------ Given data

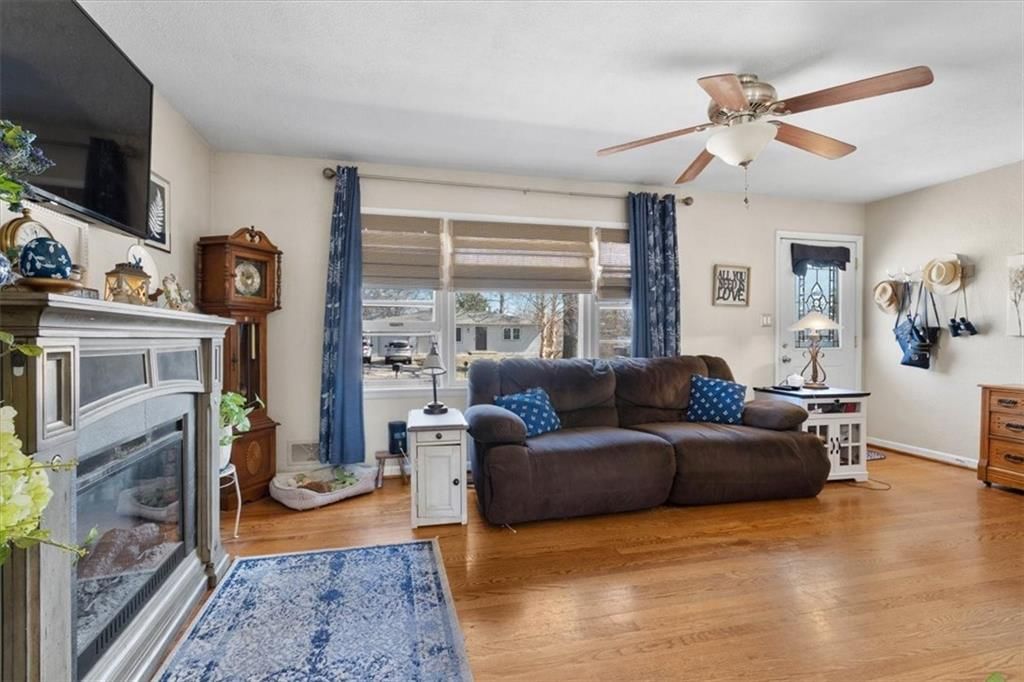 12 Virginia Drive — photo 3
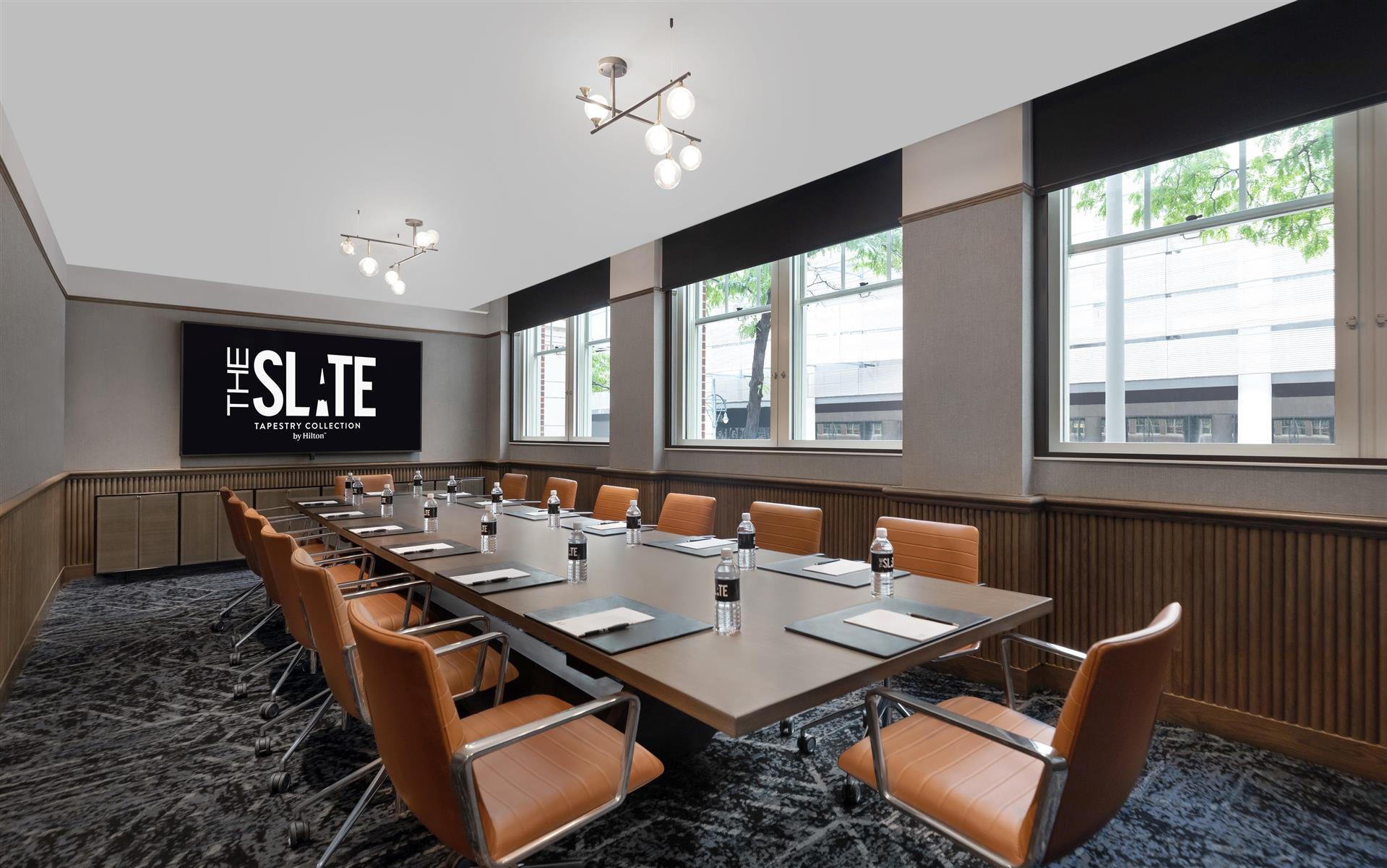 Boardroom Views, and Cutting Edge AV 图像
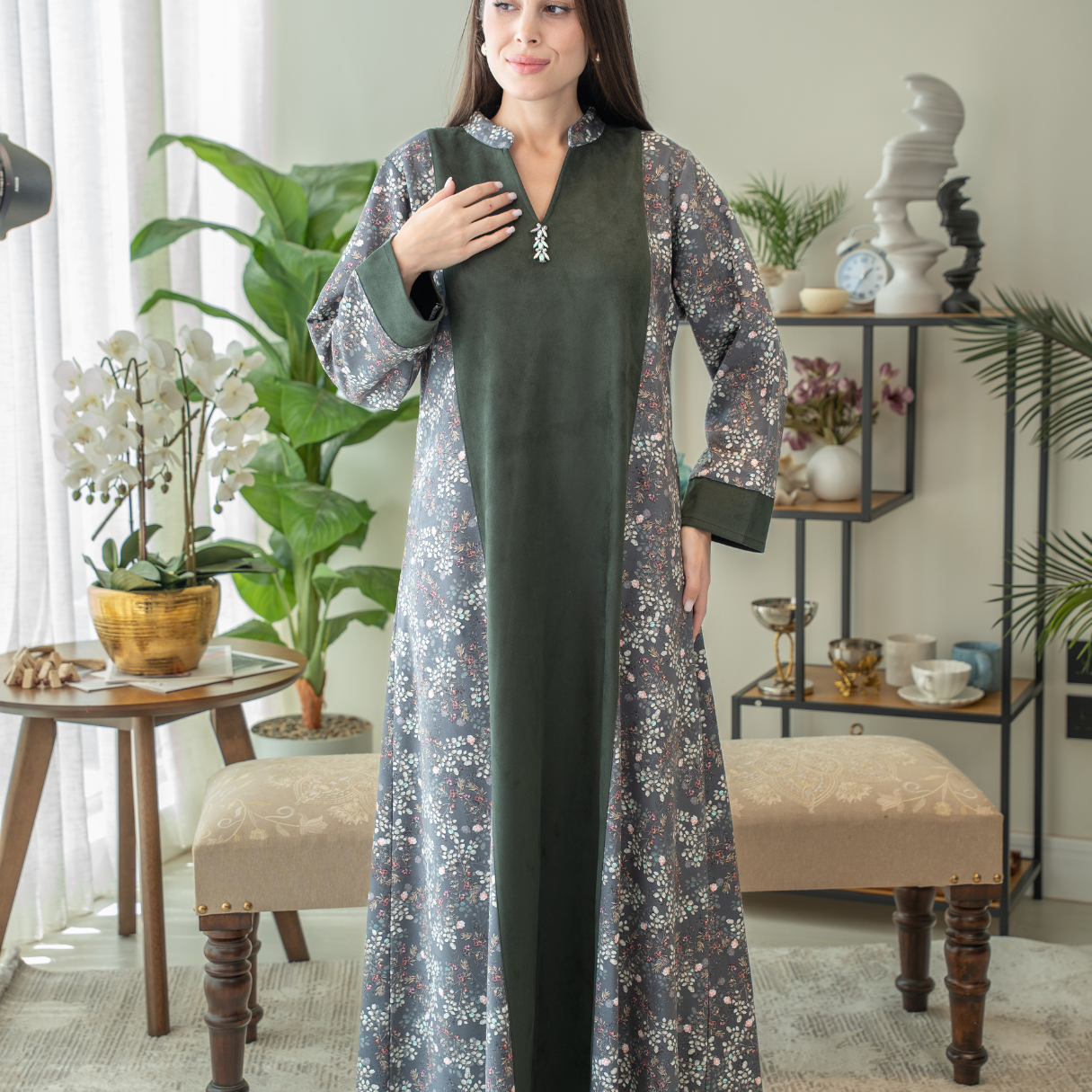 Elegant winter jalabiya with a distinctive modern design - 4535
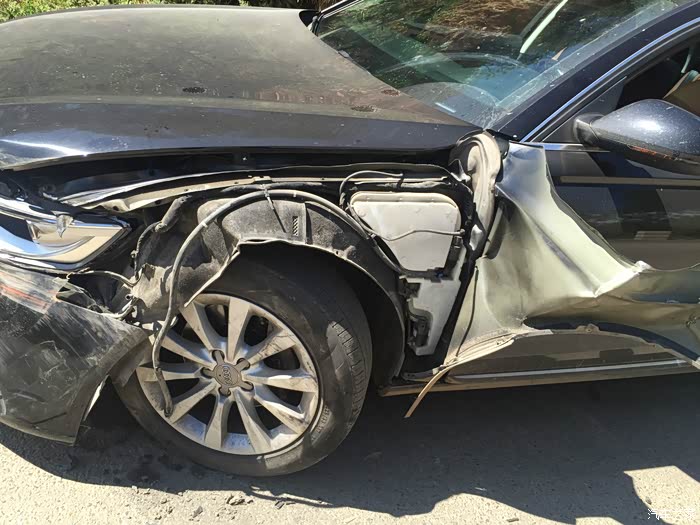 【图】浅谈a6l 30fsi 驾驶感觉 油耗 途径车祸_奥迪a6l论坛_汽车之家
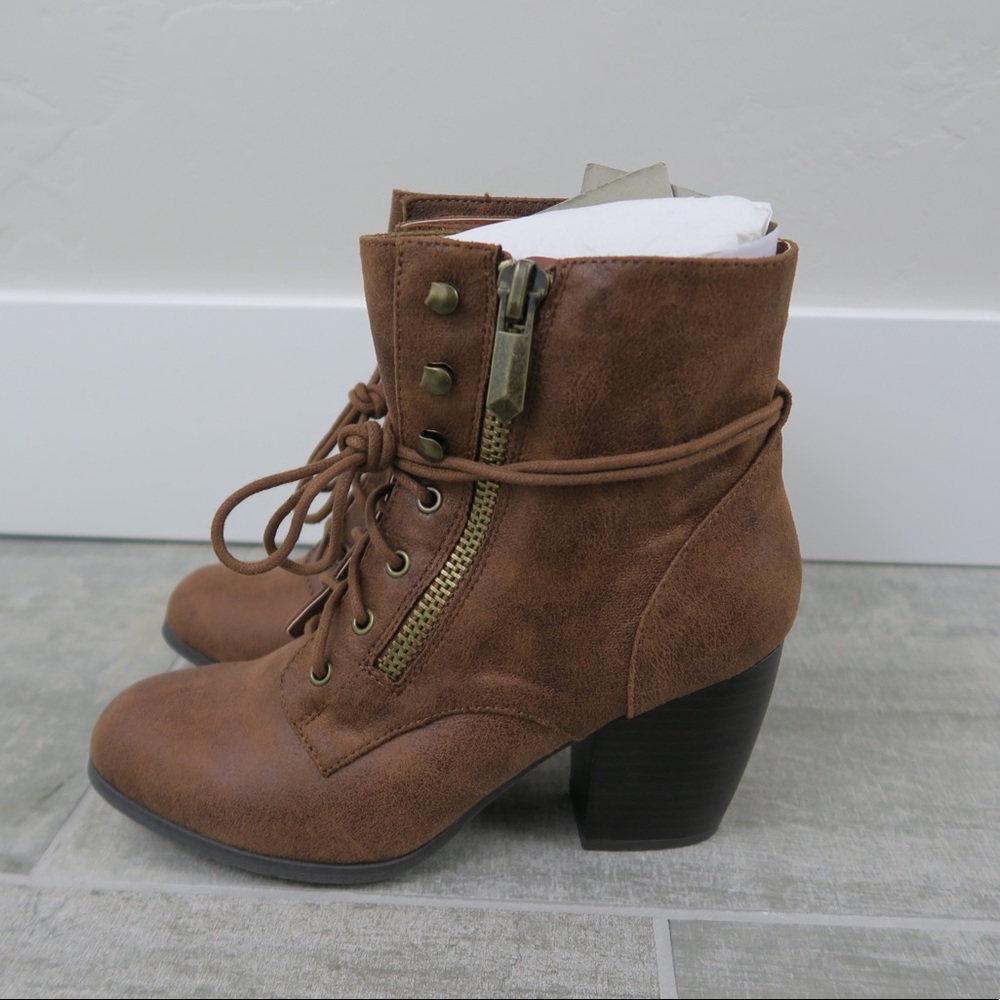 Cognac lace up chunky heel booties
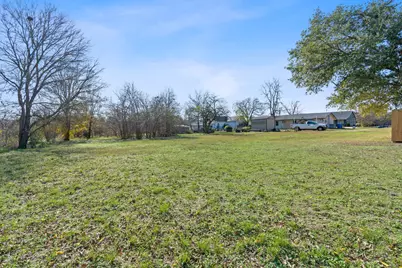 842 Kimbro Street, Taylor, TX 76574 - Photo 3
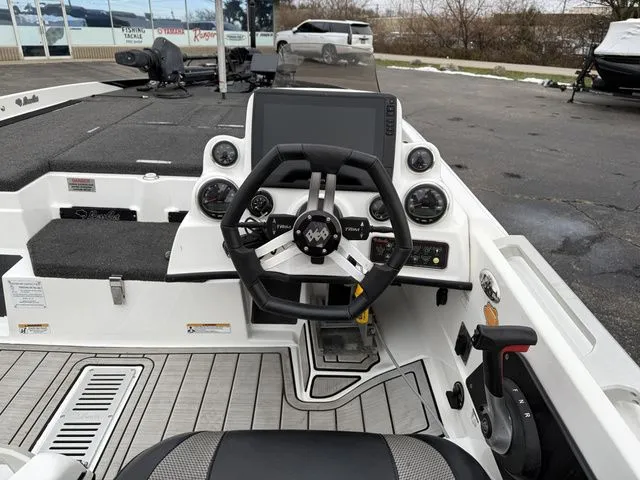 Slide: The Image of Bass Cat Puma 2022 - 5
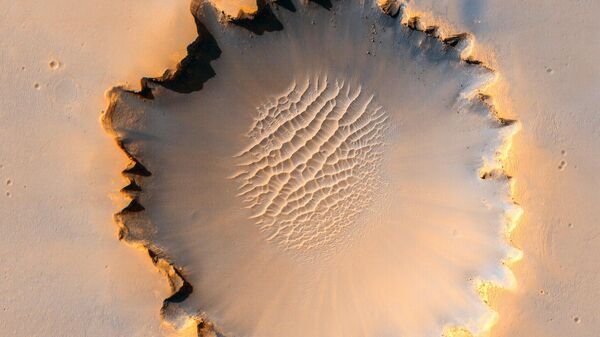 један од кратера у екваторијалној зони Марса - Sputnik Србија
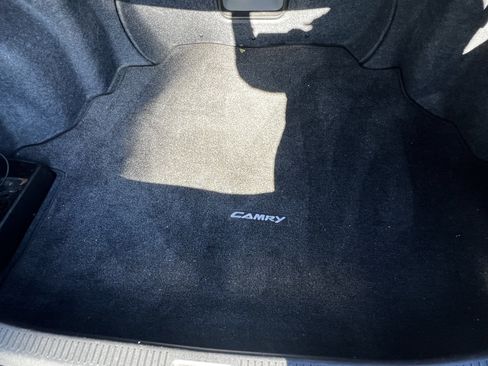 Used 2011 Toyota Camry XLE image 46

------------

# What you should do
Nothing but the lines from the one containing "842 Kimbro Street, Taylor, TX" through the end of the listing is to be output, and those lines are to be output exactly, pictures excluded.

# Result of this exercise
 842 Kimbro Street, Taylor, TX 76574 - Photo 3
 Slide: The Image of Bass Cat Puma 2022 - 5
 један од кратера у екваторијалној зони Марса - Sputnik Србија
 Used 2011 Toyota Camry XLE image 46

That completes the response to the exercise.